While most people were out in the park or common (socially distanced) on Bank Holiday Monday, Ed was running 100 miles. He says:
The 100 mile race I usually run in May, from London to Oxford, was cancelled so when the organizers (Centurion Running) put on a virtual 100 mile as a replacement I knew I had to take part. The window for running lasted from midnight on Monday through the whole of the following week, but I wanted to get it done as soon as possible so I set my alarm for 4am to make the most of the daylight. The first leg, upriver past the Putney boathouses in the predawn light, was magical apart from hitting tidewater outside the Stag Brewery in Mortlake, but by then my watch was telling me it was time to turn around – the idea was to run 8 legs of 20km, turning when my GPS told me I’d run 10km from home to refuel. Someone in club chat said my route looks like a starfish, but I think an octopus is more correct when you notice I’ve run both banks of the river in both directions.

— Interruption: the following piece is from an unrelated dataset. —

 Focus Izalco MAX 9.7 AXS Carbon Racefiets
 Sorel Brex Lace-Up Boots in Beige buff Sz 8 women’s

As the day heated up I was still making good time – suspiciously good time, in fact. I was feeling a little concerned but it was only on the last leg – where I’d planned the 10km mark to be the door of the TH&H clubhouse – that I discovered my Garmin had been misleading me as it beeped to turn round several hundred metres short; it turned out that the power saving mode invents extra zigzags making it record more distance than you’ve actually run. I arrived back home as the sun was setting and got the laptop out to calculate just how far short I was – it looked like about 10km, so I rounded up to 10 miles to be sure. Those last 16km – through parks with people clearing away their picnics in the growing dusk – were pretty tough knowing how close I was to home, but I made it back before midnight and up in time for the Zoom team meeting at 10am.
Next ultra should be considerably shorter – a 90km virtual race to substitute for the Comrades Marathon in South Africa, with a relatively civilized 5:30am start. Know any good hills near Battersea?